OKAYAMA (Kyodo) Gaffe-prone former trade minister Takeo Hiranuma, blasting Upper House member Renho for saying that funding should be cut for the government's supercomputer project, brought up the fact that she is a naturalized Japanese.

The staunchly conservative Hiranuma is known for gaffes reflecting his views as a former Liberal Democratic Party heavyweight.

"I don't want to say this, but she is not originally Japanese," Hiranuma, now an independent Lower House member, said in a speech Sunday in the city of Okayama. "She was naturalized, became a Diet member."

Hiranuma was referring to widely reported remarks made in November by Renho, who goes by one name, of the ruling Democratic Party of Japan.

During a debate with bureaucrats, she asked: "Why must (Japan) aim to (develop) the world's No. 1 (supercomputer)? What's wrong with being the world's No. 2?"

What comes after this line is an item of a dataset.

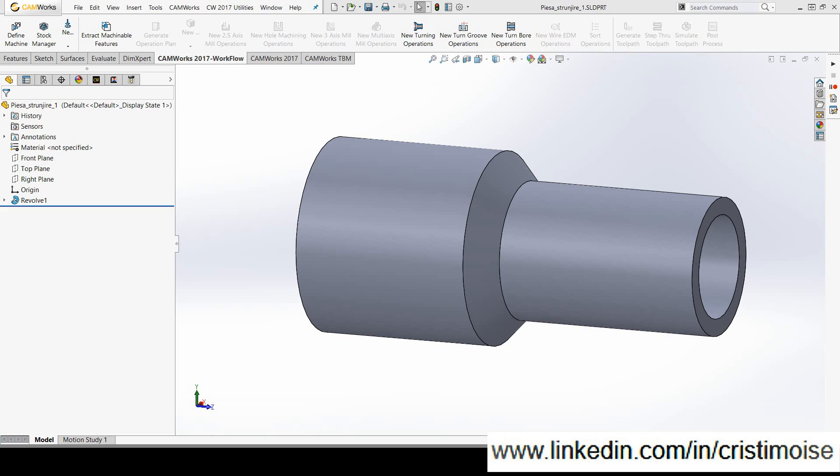From CAMWorks 17, the chuck shape can optionally be defined from an STL file or a SOLIDWORKS part and assembly.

The remarks have been broadcast repeatedly on TV as symbolic of the DPJ-led government's efforts to cut wasteful spending.

Her remarks were "not appropriate for a politician," Hiranuma said, adding that Japan, as a country aiming to be a science technology power, "must have the budget for (developing) the world's No. 1 (supercomputer)."

He later told reporters he did not intend to say anything discriminatory and what he meant was that politicians should not engage in "sensational politics that ring the bell with TV broadcasters."

According to Renho's Web site, she was born in 1967 to a Taiwanese father and a Japanese mother and switched her citizenship from Taiwanese to Japanese in 1985.